PROBLEM REQUIREMENTS: Copy the lines below, please, starting with the one that contains "Armoire murale inox" and ending with the last. Pictures stay out.

DATA:
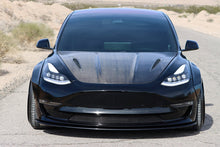 Load image into Gallery viewer, AlphaRex LED Projector Headlights for Tesla Model 3 (17-23) Model Y (20-24) Nova Series with Sequential Signal - Alpha Black / Black Alternate Image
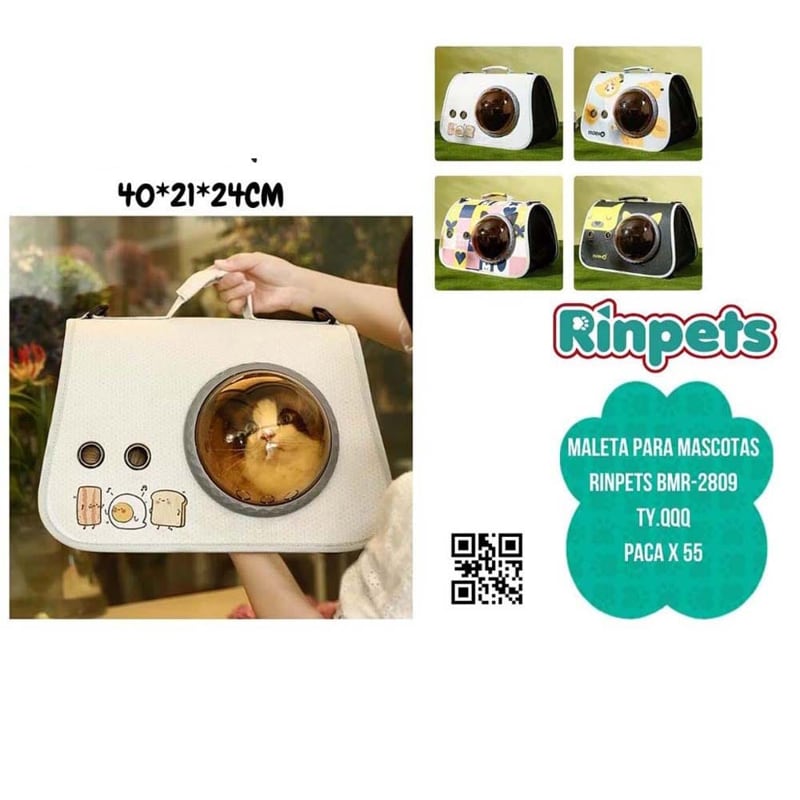 MALETA PARA MASCOTAS 40*21*24CM RINPETS BMR-2809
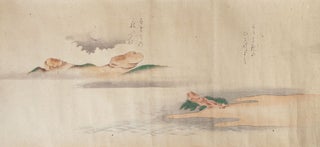 A most unusual erotic scroll, on paper, with nine finely painted scenes, in rich pigments.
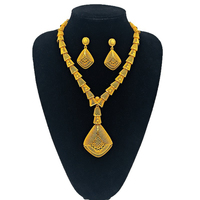 Ensemble de bijoux de luxe plaqué or, pendentif rond à plusieurs niveaux en filigrane, accessoires pour mariage et fêtes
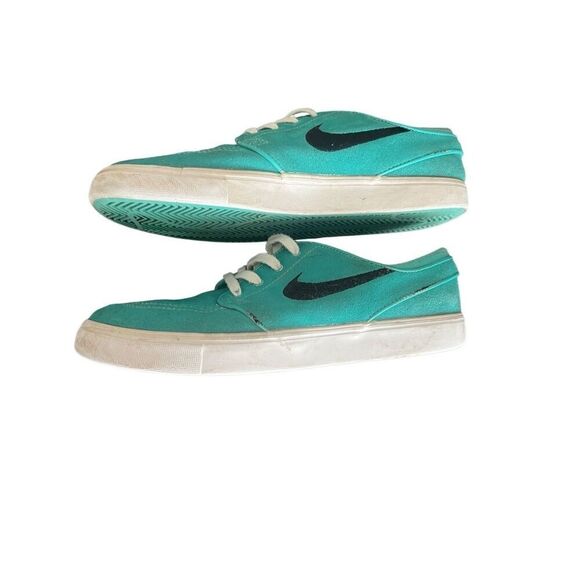 NIKE Zoom Stefan Janoski SB Green sneakers size 8.5 - Picture 1 of 10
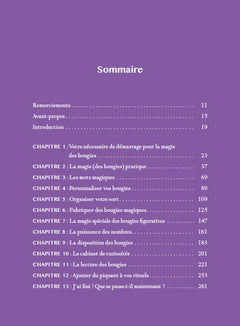 Mes rituels magiques avec des bougies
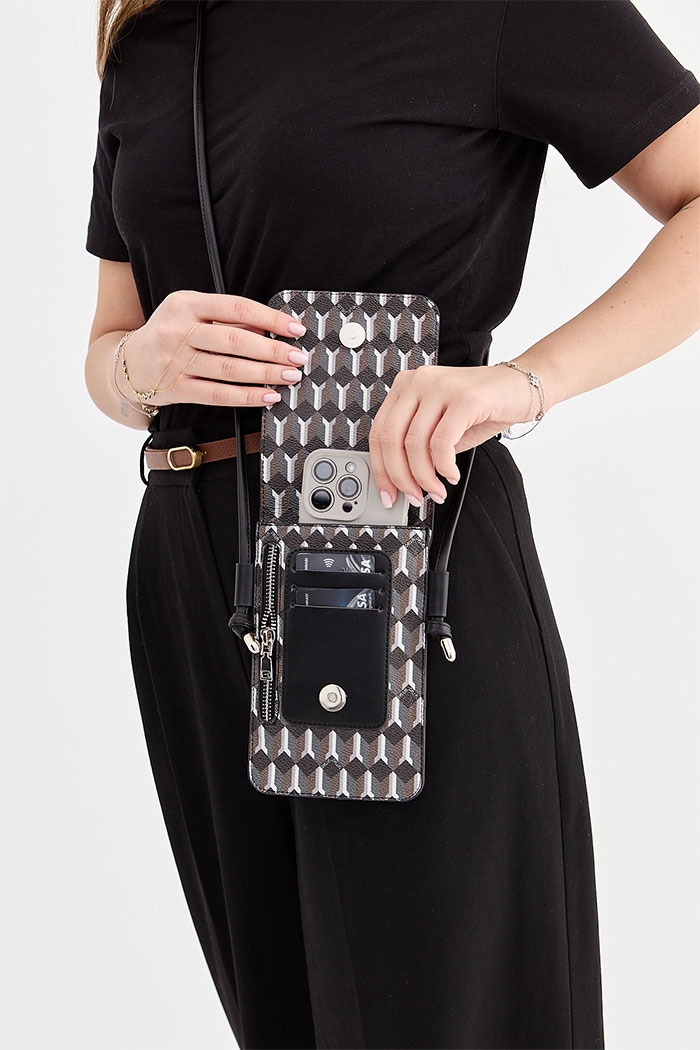 Helion Siyah Telefon Çantası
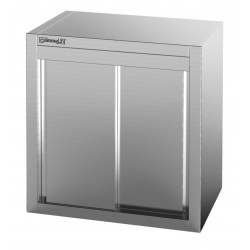 Armoire murale inox avec portes coulissantes 600 mm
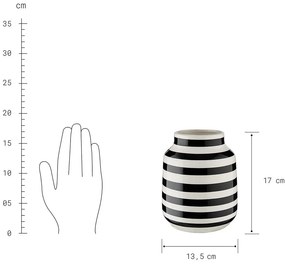MALIKA Váza prúžkovaná 13,5 cm
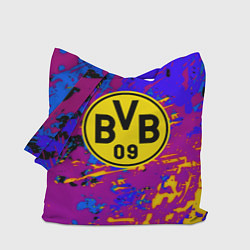 Сумка-шопер Borussia абстрактные краски, цвет: 3D-принт
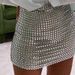 Women's Clothing Solid Color Slim Mesh Sequin Hip Covering Fashion Skirt_ecoleips.com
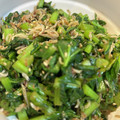 サボテン母ちゃん's cooksnap of when they made ご飯に合う！大根の葉としらす炒め.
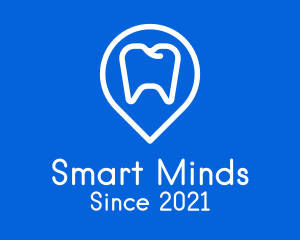 Dentist Location Pin logo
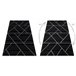 Alfombra EMERALD exclusivo 7543 glamour 80x150 Negro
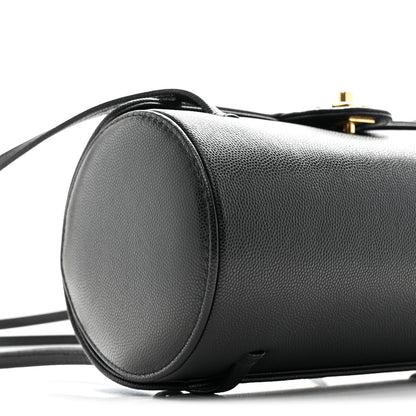 Chanel Shiny Caviar Preppy Coco Small Bowling Bag Black 9 of 11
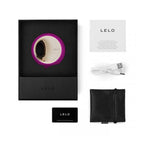 Lelo Ora 3 Deep Rose Oral Sex Stimulator|Side View|"Premium pleasure device - side view"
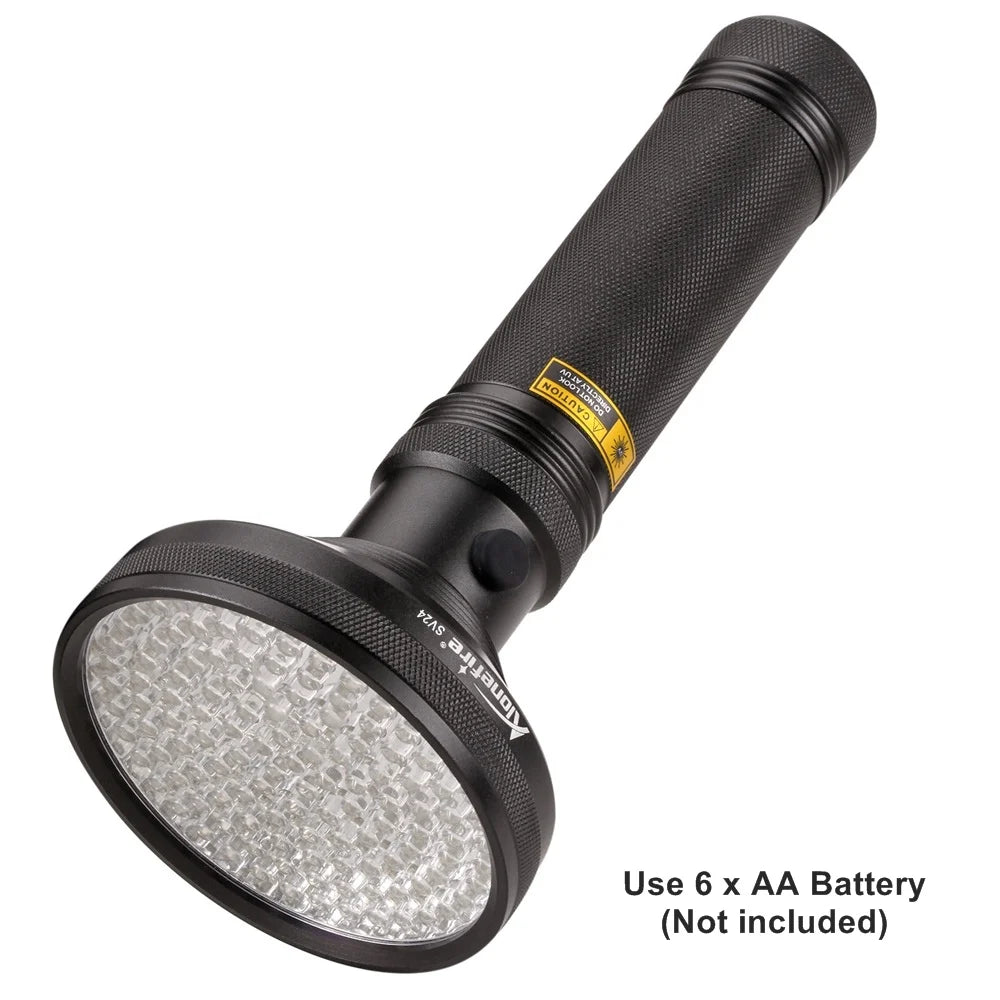 128 LED 395nm UV Blacklight Flashlight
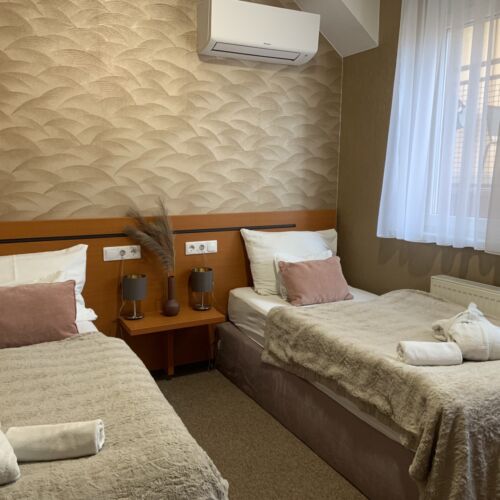 Na katu Economy soba sa dva odvojena kreveta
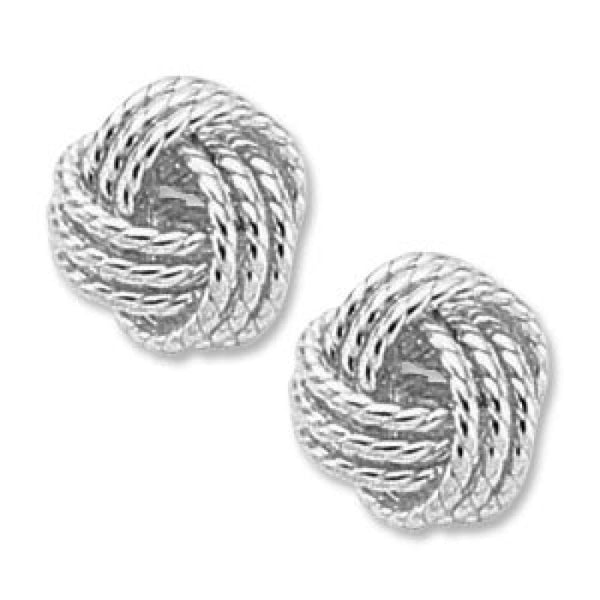 Sterling Silver Twisted Love Knot Earrings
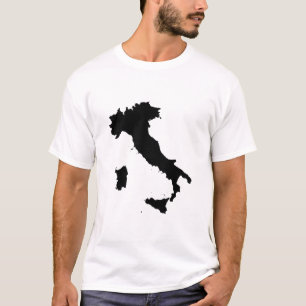 T-shirt Forme de carte Italie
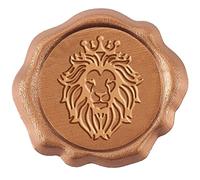 CRASPIRE 50PCS Adhesive Wax Seal Stickers Lion Wax Seal Stickers Wedding Invitation Envelope Seals Vintage Pre-Made Wax Stickers for Birthday Bridal Shower Party Presents Craft Scrapbook Gift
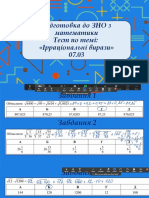 07.03 Ірраціональні вирази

SOLUTION FOR THIS TASK:
 Armoire murale inox avec portes coulissantes 600 mm
MALIKA Váza prúžkovaná 13,5 cm
 Сумка-шопер Borussia абстрактные краски, цвет: 3D-принт
 Women's Clothing Solid Color Slim Mesh Sequin Hip Covering Fashion Skirt_ecoleips.com
 サボテン母ちゃん's cooksnap of when they made ご飯に合う！大根の葉としらす炒め.
 Dentist Location Pin logo
 Alfombra EMERALD exclusivo 7543 glamour 80x150 Negro
 Chanel Shiny Caviar Preppy Coco Small Bowling Bag Black 9 of 11
 Lelo Ora 3 Deep Rose Oral Sex Stimulator|Side View|"Premium pleasure device - side view"
 128 LED 395nm UV Blacklight Flashlight
 Na katu Economy soba sa dva odvojena kreveta
 Sterling Silver Twisted Love Knot Earrings
 T-shirt Forme de carte Italie
 CRASPIRE 50PCS Adhesive Wax Seal Stickers Lion Wax Seal Stickers Wedding Invitation Envelope Seals Vintage Pre-Made Wax Stickers for Birthday Bridal Shower Party Presents Craft Scrapbook Gift
 07.03 Ірраціональні вирази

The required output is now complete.